The petition covers Tesla Model S models from 2012 to 2019, Tesla Model X from 2016 to 2019 and Tesla Model 3 from 2018 to 2019, the agency said. The petition cites “127 consumer complaints to NHTSA involving 123 unique vehicles. Reports include 110 accidents and 52 injuries,” the agency added.

Tesla did not comment immediately on Friday.

Many of the complaints report sudden incidents of acceleration when trying to park vehicles in a garage or on a sidewalk. Others claimed that sudden acceleration occurred while in traffic or when using driver assistance systems and caused accidents.

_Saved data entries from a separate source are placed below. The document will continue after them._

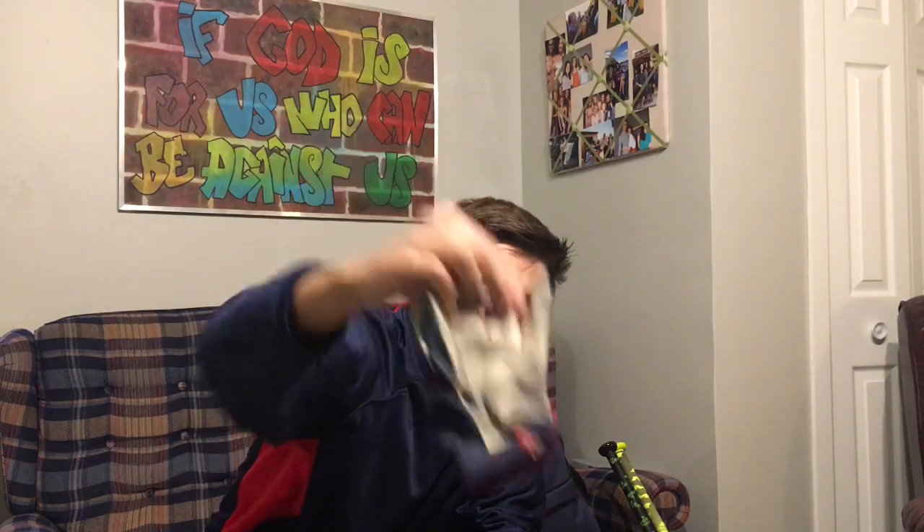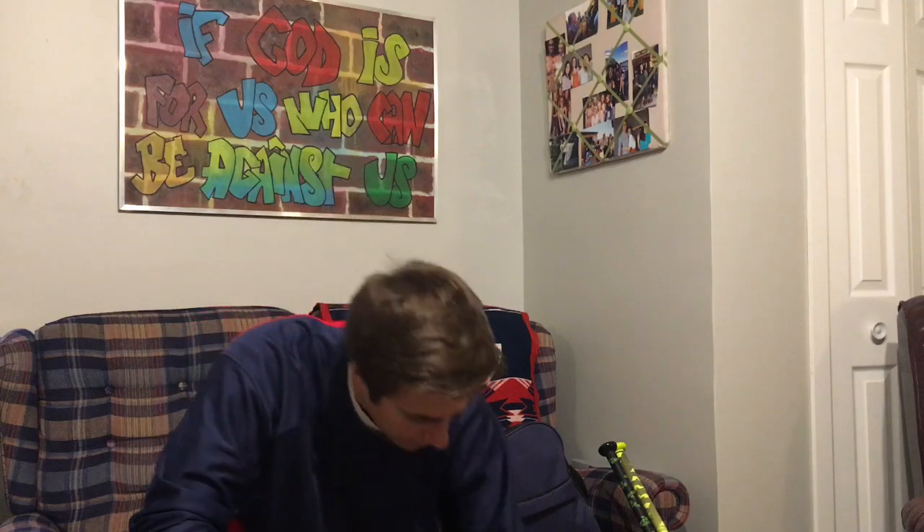These Franklin batting gloves are actually really nice. The reason I liked them so much is because they don't have any padding, but they did start to wear away after only one season — and that's slow pitch, so that's really not many games.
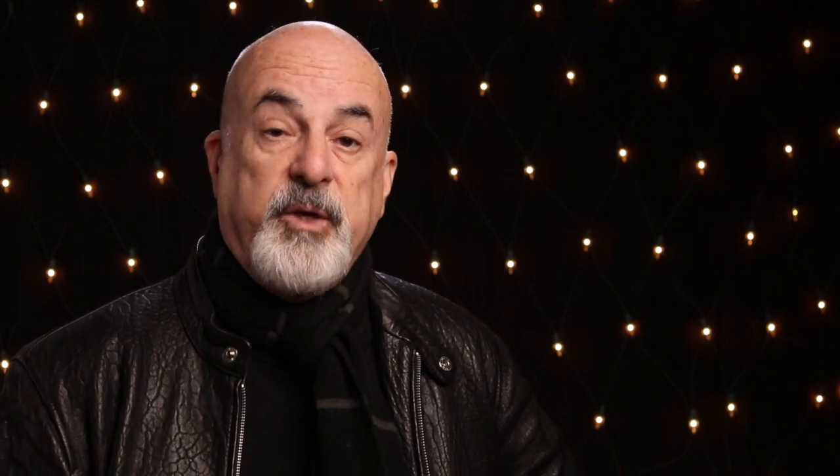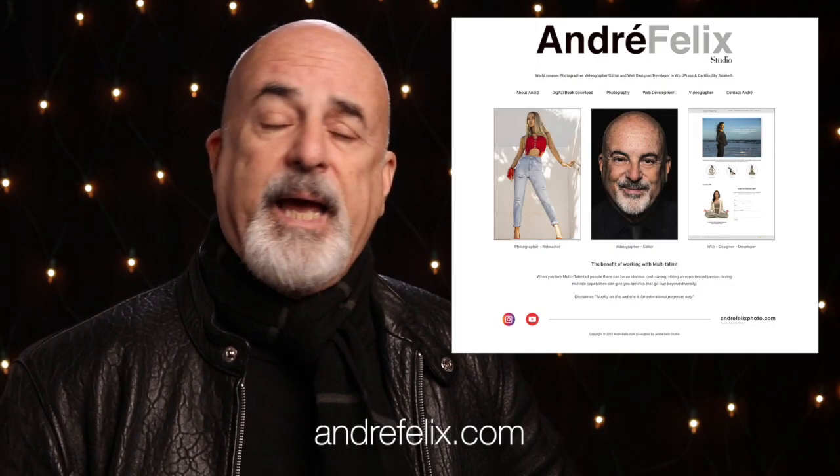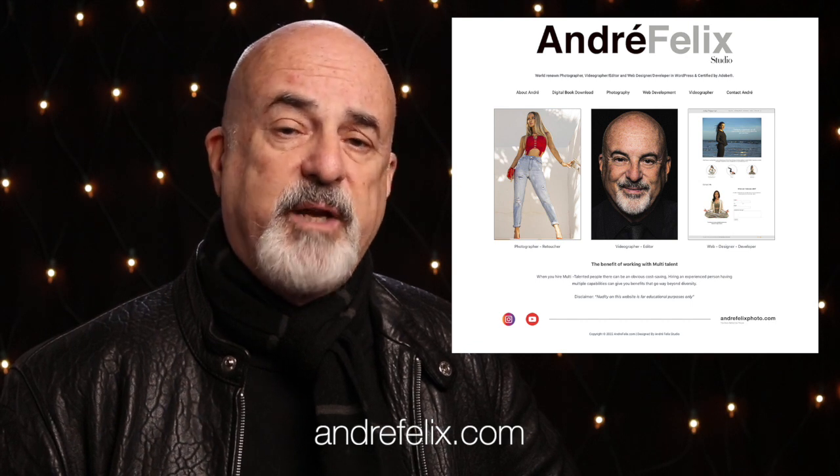If you like that story, you might want to pop over to my website, andrephelixphoto.com, and check out my blog. I've got lots of interesting things on there — helpful tips, tricks, hints, great photographs, diagrams, and some helpful ideas. You can also download a PDF of a book I put together, and you can follow me on Instagram to see what I'm up to. I'm a working photographer, so I can't do these videos all the time. If you've subscribed, thank you very much — if you haven't, maybe it's time you subscribed. You can also check out my commercial work on andrephelix.com, where you'll find that not only am I a working photographer, but also a web developer, an editor, and a videographer. Thanks a lot, and bye for now.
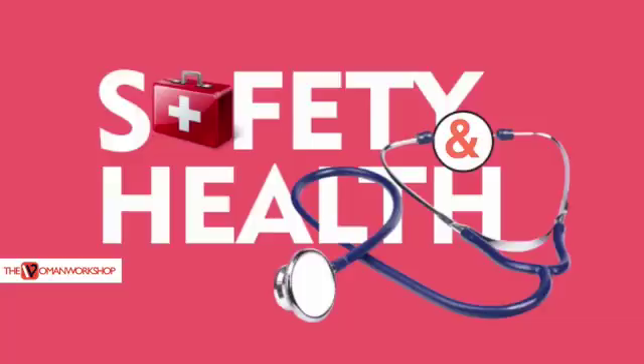Hello, my name is Andrew Biyokwe of the WOMO workshop. Welcome to Safety and Health. Today on Safety and Health, you guys should already know this.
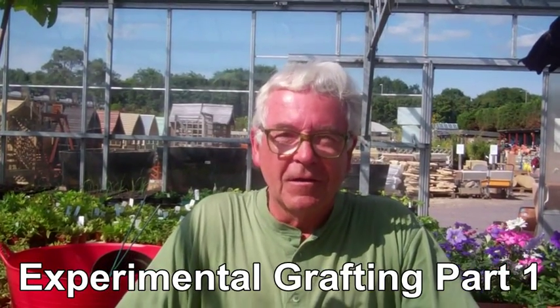My name's Clive Groves. I'm a retired nurseryman now, so I've got a little bit more time to experiment with various things, something I haven't had in the past. And lately what I've been doing is experimenting with grafting.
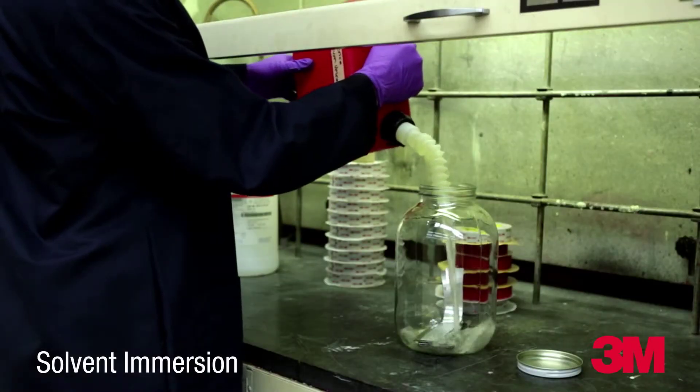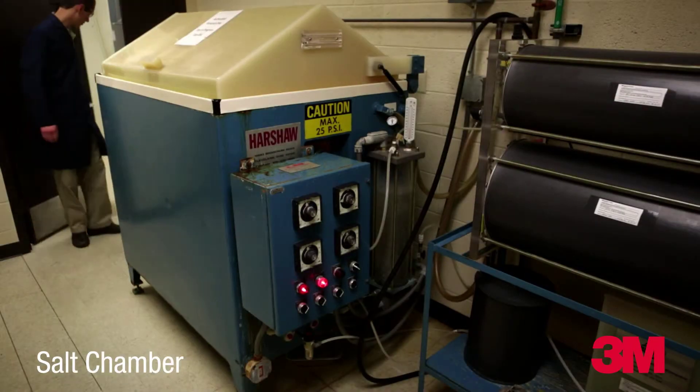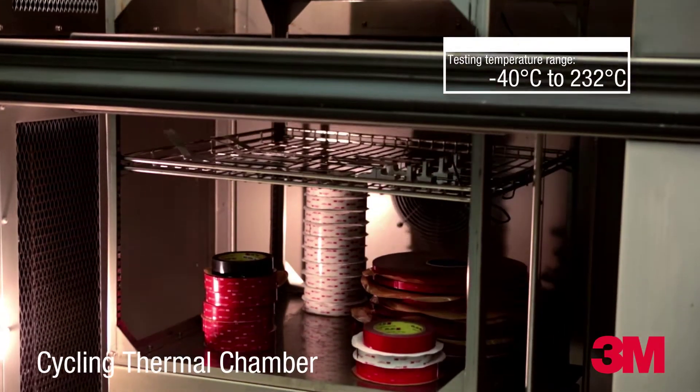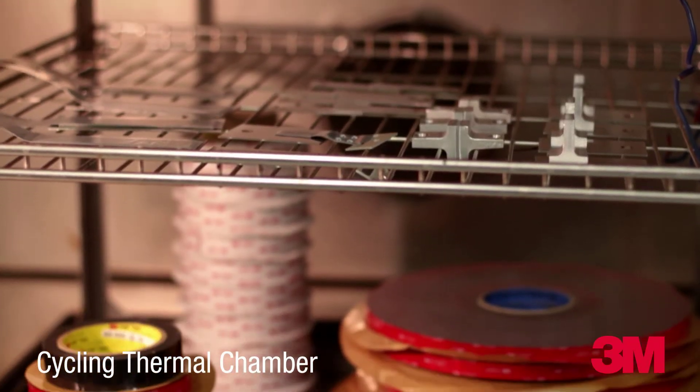3M VHB tape is put through a wide range of environmental and immersion tests, including salt spray and temperature tests, thermal cycling, and chemical immersion. Standard tests are run after exposure against control samples to determine environmental effects on the bond.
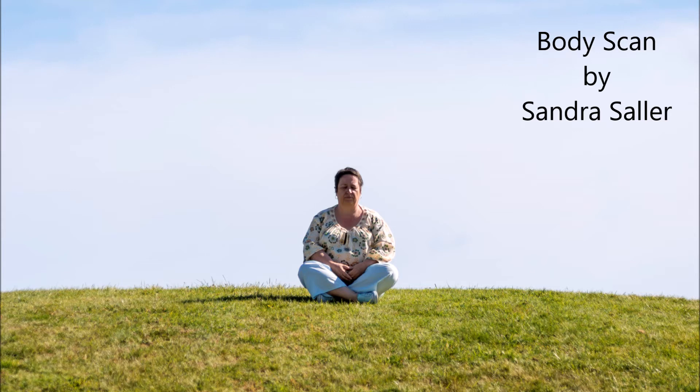Where is there touching? On the feet? The legs? At the back? Or the pelvis? Can you feel the position of the hands and arms? The inclination of the head?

In a complaint, a driver said a Tesla Model S 85D 2015 in California was closed and locked when he said “a few moments later, the vehicle started accelerating towards the street and crashed into a parked car.”

A Tesla driver in Avondale, Pennsylvania, was parking in a parking spot at an elementary school when the vehicle accelerated alone, said the complaint and added: “He passed a sidewalk and got into a wire fence.”

Another complaint said that a Tesla driver in Andover, Massachusetts, was approaching the door of his garage “when the car suddenly staggered forward: and” went through the garage door destroying two garage doors. “The Tesla He stopped when he hit the concrete wall of the garage.

In October, the agency said it was reviewing whether Tesla should have removed 2,000 of its electric cars in May instead of issuing a software update to repair a possible defect that could have caused battery fires in the Model S and Model X vehicles of the 2012- 2019 model years.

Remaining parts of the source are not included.